The key to the robotic snakes’ maneuverability is their joint design. Comprising about 20 parts, each joint is designed to be stronger and provide a greater range of motion than a typical robot’s, Choset says. The robots are controlled with movements of a joystick (connected wirelessly or by a cable), which produce electric signals that activate the motors in the joints. A few years ago one of his robots, equipped with a camera, was used in an archaeological study of the cavity under the Great Pyramid of Giza. In 2006, Choset co-founded Medrobotics, a startup that built a 12-inch robot to film and probe the human heart. The device has been successful in early trials, but the company has yet to bring it to market. Medrobotics is currently working to gain Food and Drug Administration approval to sell a snakebot for use in ear and throat surgeries.

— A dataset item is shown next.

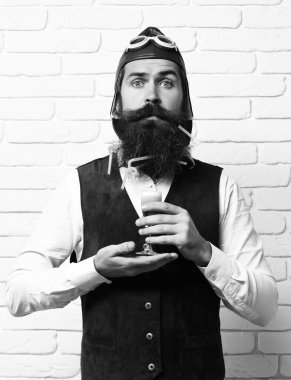 Beyaz tuğlalı arka planda yakışıklı sakallı pilot şaşırdı.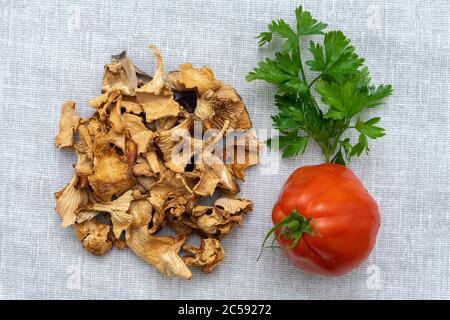 funghi, pomodoro e verdi su un tovagliolo di tela. layout culinario Foto Stock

Choset has been interested in how cars, trains, and people move ever since he was a 5-year-old growing up on Long Island. He says he got his first computer in eighth grade and taught himself how to program. In his junior year in high school he built a robotic car out of a shoebox. The next year, he constructed an automated vehicle with an ultrasonic sensor that prevented it from ramming into walls. The gadget made it into the finals at a national science competition.
As an undergraduate at the University of Pennsylvania, Choset double-majored in business and computer science. He then went to the California Institute of Technology, where he wrote his Ph.D. thesis on creating mathematical models that could be used as the basis for robotic movement. After earning his doctorate in 1996, he began working on snake robots at Carnegie Mellon.
Later this month, a three-foot aluminum snake he developed will burrow into a prairie dog hole at the National Zoo in Washington to traverse its tunnels and relay the footage. Choset may attend to watch the results. “Even after 20 years,” he says of his robots, “I still never get bored watching them move.”